Cuídense de no practicar su justicia delante de los hombres para ser vistos por ellos; de otra manera no tendrán recompensa de su Padre que está en los cielos (Mateo 6:1).
Hoy es más fácil que nunca señalar nuestra propia virtud ante el mundo. Por ejemplo, podemos hacer esto de varias formas en las redes sociales, ya sea maquillando la imagen que proyectamos frente a los demás, expresando nuestra indignación («¡Miren lo molesto que estoy ante esta situación mientras otros son indiferentes!») o señalando los pecados de otros para exhibirnos como superiores moralmente. En nuestra cultura somos invitados a promocionarnos si queremos alcanzar el éxito según lo define este mundo. Una forma atractiva de buscarlo es destacando nuestra justicia delante de los hombres, resaltando las cosas buenas y piadosas que hacemos.
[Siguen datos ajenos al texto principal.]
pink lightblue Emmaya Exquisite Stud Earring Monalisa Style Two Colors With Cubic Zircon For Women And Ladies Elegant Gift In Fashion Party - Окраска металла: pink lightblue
Así que las palabras de Jesús citadas arribas parecen más relevantes que nunca para el creyente. El Señor nos llama a no buscar las recompensas que otros puedan darnos cuando exhibimos nuestra justicia. Esto no significa que sea malo en sí mismo que otros vean nuestras buenas obras, pues somos la luz del mundo, como Jesús dijo antes en el sermón del monte. Nuestra piedad debe ser puesta en práctica con el deseo de que otros conozcan y adoren a Dios.
El problema está cuando hacemos cosas buenas primeramente para que otros nos alaben. Entonces nuestra supuesta piedad es solo una fachada, pues no estamos buscando la gloria de Dios sino la nuestra. No estamos amando en verdad al Señor ni tampoco a las personas, pues no las estamos dirigiendo hacia Aquel que sí es digno de toda adoración y puede satisfacer sus vidas. La «piedad» puesta en práctica en busca del mero reconocimiento público es egoísta.
Sin embargo, es atractiva en el momento. Cuando somos «buenos» ante el mundo, somos admirados y muchas puertas se nos pueden abrir en nuestras interacciones con otras personas. Esto brinda una sensación de seguridad personal. La trampa está en que esta recompensa es pasajera. No puede satisfacer nuestra sed de seguridad e identidad porque las personas cambian de parecer (lo que hoy es aplaudido, mañana puede ser «cancelado») y son pequeñas (no pueden garantizarnos que estaremos bien). A la luz de la eternidad, la aprobación de los hombres es efímera y poco útil.
Por eso Jesús nos llama a vivir para nuestro Padre. Es en Él que tenemos nuestra seguridad e identidad como hijos, y una recompensa por gracia que nunca se acabará, que es una mayor comunión con Él. Los aplausos y «me gusta» de los hombres jamás podrán saciar nuestras vidas. Fuimos hechos para Dios y solo Él puede satisfacer al corazón humano. Por lo tanto, vivamos para lo eterno y no solo para ser vistos por los demás. Algo mejor que señalar nuestra virtud y que las personas nos digan «¡Qué bueno eres!», es animarlas a ver y decir con nosotros: «¡Qué bueno es Dios!».